1. I was just reading that someone took a pattern from Karen Comb's book Celtic Illusions and enlarged it. The pattern is for a 24" wall hanging, and she enlarged it to 72". Not by making more blocks, just enlarged the whole thing. How would that be done? Thanks

2. Enlarging from 24" to 72" is simply three times bigger. For every piece in the pattern, subtract the ½" seam allowance from both the length and the width, multiply both by three, then add the seam allowance back to each.

For example, say there is a cut piece in the pattern that is 2½" x 4½". You would subtract the seam allowances (getting 2" x 4" ), multiply by three (getting 6" x 12" ), and add back the seam allowances (getting 6½" x 12½" ). So the new measurement for cutting that piece would be 6½" x 12½". Do that for all the pieces in the pattern.

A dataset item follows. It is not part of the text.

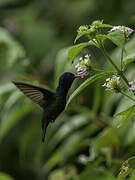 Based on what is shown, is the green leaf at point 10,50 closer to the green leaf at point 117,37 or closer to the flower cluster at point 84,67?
the flower cluster at point 84,67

Probably the best way to keep track of it would be to make a list of all the pattern measurements in one column and then all the enlarged measurements beside them in a second column.

3. Originally Posted by ghostrider
Enlarging from 24" to 72" is simply three times bigger. For every piece in the pattern, subtract the ½" seam allowance from both the length and the width, multiply both by three, then add the seam allowance back to each.

For example, say there is a cut piece in the pattern that is 2½" x 4½". You would subtract the seam allowances (getting 2" x 4" ), multiply by three (getting 6" x 12" ), and add back the seam allowances (getting 6½" x 12½" ). So the new measurement for cutting that piece would be 6½" x 12½". Do that for all the pieces in the pattern.

Probably the best way to keep track of it would be to make a list of all the pattern measurements in one column and then all the enlarged measurements beside them in a second column.
Thanks! That makes perfect sense. :D

4. since i'm lazy, i would tape the original to a window, tape a paper over it and trace. keep the original, but cut the copy into 9 pieces. remove the seam allowance. take the pieces to a copy store and enlarge each piece 3x. add the allowances back and tape the paper pattern together.

5. Originally Posted by ghostrider
Enlarging from 24" to 72" is simply three times bigger. For every piece in the pattern, subtract the ½" seam allowance from both the length and the width, multiply both by three, then add the seam allowance back to each.

For example, say there is a cut piece in the pattern that is 2½" x 4½". You would subtract the seam allowances (getting 2" x 4" ), multiply by three (getting 6" x 12" ), and add back the seam allowances (getting 6½" x 12½" ). So the new measurement for cutting that piece would be 6½" x 12½". Do that for all the pieces in the pattern.

Probably the best way to keep track of it would be to make a list of all the pattern measurements in one column and then all the enlarged measurements beside them in a second column.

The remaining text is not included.